== TASK DIRECTIONS ==
Transcribe the entries below word for word, beginning at the line with "Which of the" and stopping after the line with "Future Weekly - der Startup Podcast! artwork"; drop all pictures.

== EXCERPTED RECORDS ==
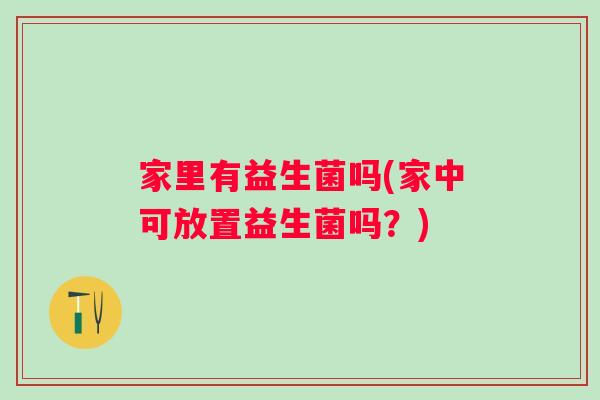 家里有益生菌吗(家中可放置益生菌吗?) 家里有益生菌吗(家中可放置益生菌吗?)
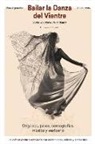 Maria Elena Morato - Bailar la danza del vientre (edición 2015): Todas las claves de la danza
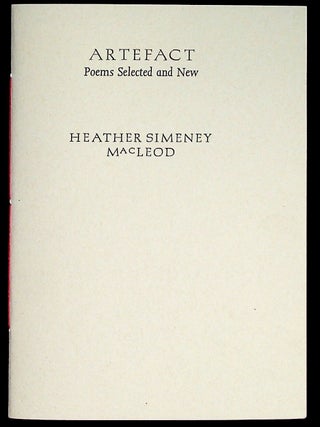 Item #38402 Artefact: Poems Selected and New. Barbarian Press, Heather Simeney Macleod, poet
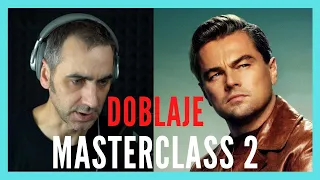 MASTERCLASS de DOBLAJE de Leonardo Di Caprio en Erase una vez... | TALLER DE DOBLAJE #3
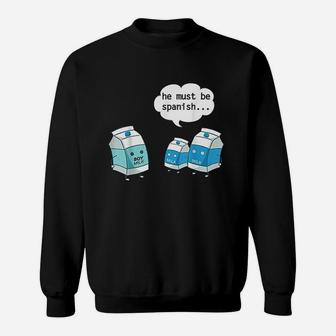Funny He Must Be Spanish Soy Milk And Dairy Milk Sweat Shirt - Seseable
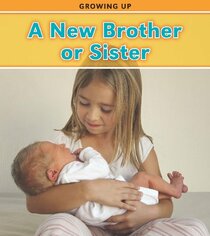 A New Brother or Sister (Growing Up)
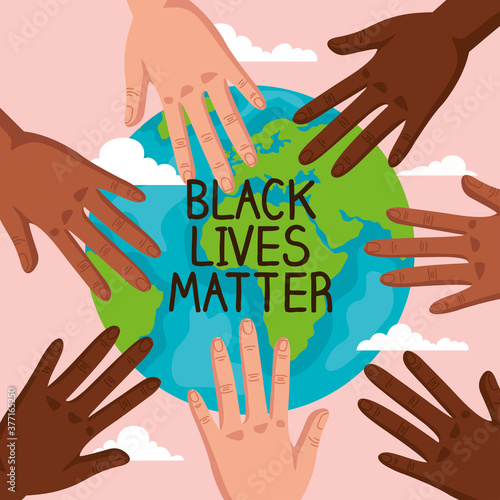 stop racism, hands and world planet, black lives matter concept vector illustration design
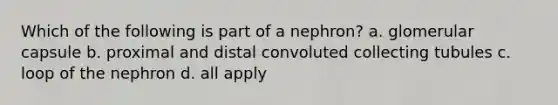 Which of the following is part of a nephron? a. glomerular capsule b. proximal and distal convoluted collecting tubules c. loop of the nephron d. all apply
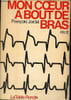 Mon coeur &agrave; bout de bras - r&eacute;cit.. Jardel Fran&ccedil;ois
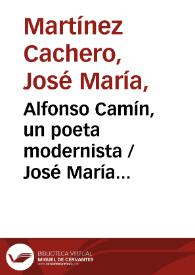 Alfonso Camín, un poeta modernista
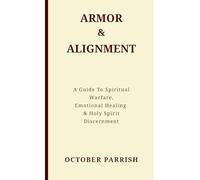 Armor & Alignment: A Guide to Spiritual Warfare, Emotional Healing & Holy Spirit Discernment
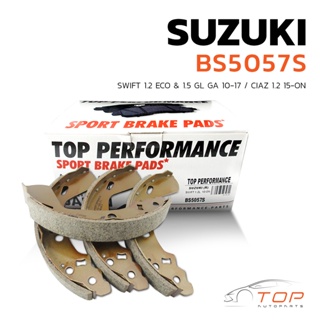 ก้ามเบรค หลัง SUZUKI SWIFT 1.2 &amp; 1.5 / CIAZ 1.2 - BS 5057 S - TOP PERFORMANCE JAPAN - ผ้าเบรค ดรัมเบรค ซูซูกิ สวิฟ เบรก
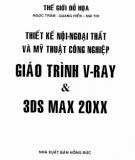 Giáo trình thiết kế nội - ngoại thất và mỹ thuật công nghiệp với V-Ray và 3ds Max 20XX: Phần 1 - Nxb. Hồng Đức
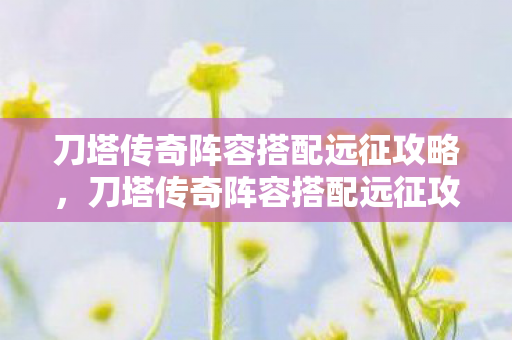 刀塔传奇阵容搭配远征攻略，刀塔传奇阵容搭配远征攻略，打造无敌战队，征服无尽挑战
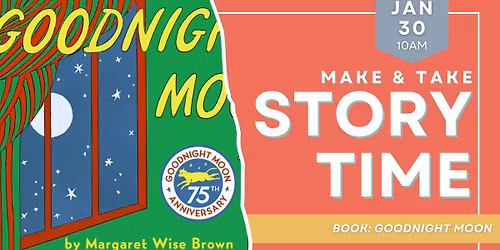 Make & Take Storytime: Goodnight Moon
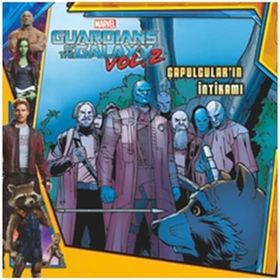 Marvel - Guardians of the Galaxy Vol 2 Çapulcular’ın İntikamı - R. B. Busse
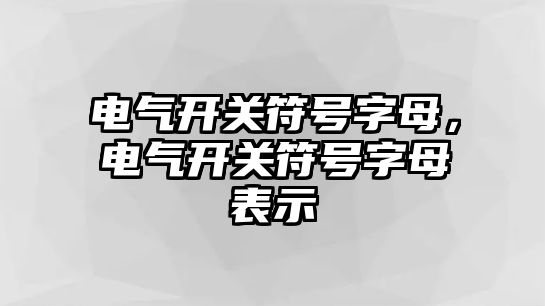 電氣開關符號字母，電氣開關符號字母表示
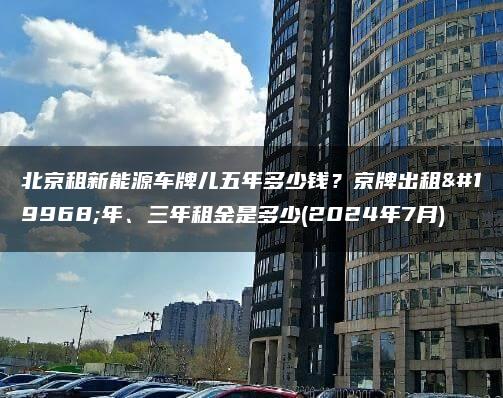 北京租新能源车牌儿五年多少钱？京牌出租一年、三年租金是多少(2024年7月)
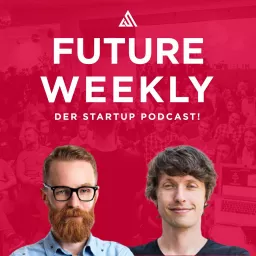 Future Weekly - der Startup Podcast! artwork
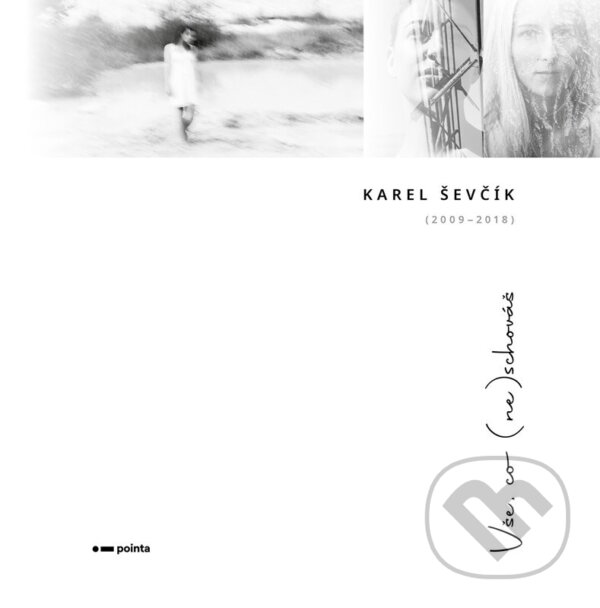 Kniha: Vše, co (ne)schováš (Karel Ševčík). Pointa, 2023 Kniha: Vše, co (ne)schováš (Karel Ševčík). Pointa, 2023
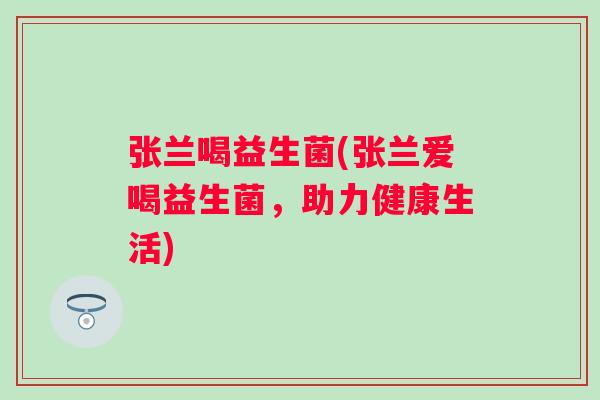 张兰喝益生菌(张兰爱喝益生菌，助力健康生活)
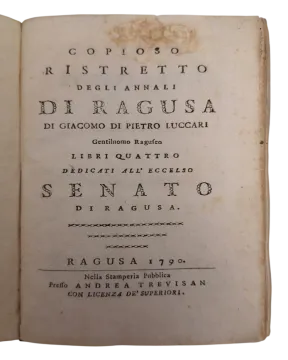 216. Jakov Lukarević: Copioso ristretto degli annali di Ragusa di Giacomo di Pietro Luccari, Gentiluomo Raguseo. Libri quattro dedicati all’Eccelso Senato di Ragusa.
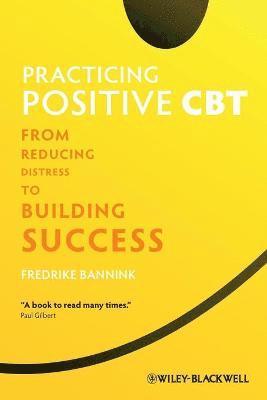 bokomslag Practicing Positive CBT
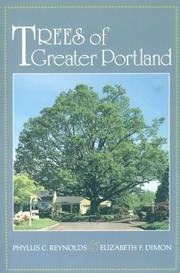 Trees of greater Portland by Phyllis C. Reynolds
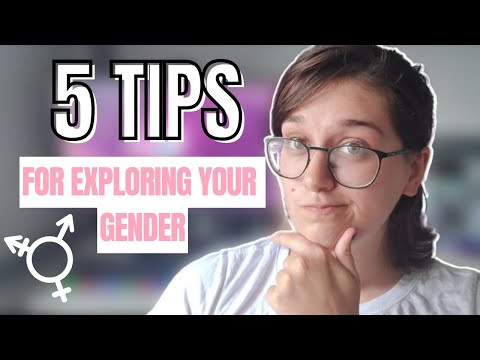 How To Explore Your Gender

== OUTPUT BELOW ==
 Which of the following is part of a nephron? a. glomerular capsule b. proximal and distal convoluted collecting tubules c. loop of the nephron d. all apply
 Mon coeur &agrave; bout de bras - r&eacute;cit.. Jardel Fran&ccedil;ois
 Alfonso Camín, un poeta modernista
 Armor & Alignment: A Guide to Spiritual Warfare, Emotional Healing & Holy Spirit Discernment
 ก้ามเบรค หลัง SUZUKI SWIFT 1.2 &amp; 1.5 / CIAZ 1.2 - BS 5057 S - TOP PERFORMANCE JAPAN - ผ้าเบรค ดรัมเบรค ซูซูกิ สวิฟ เบรก
 Giáo trình thiết kế nội - ngoại thất và mỹ thuật công nghiệp với V-Ray và 3ds Max 20XX: Phần 1 - Nxb. Hồng Đức
 刀塔传奇阵容搭配远征攻略，刀塔传奇阵容搭配远征攻略，打造无敌战队，征服无尽挑战
 Make & Take Storytime: Goodnight Moon
 Marvel - Guardians of the Galaxy Vol 2 Çapulcular’ın İntikamı - R. B. Busse
 電氣開關符號字母，電氣開關符號字母表示
 北京租新能源车牌儿五年多少钱？京牌出租一年、三年租金是多少(2024年7月)
 Future Weekly - der Startup Podcast! artwork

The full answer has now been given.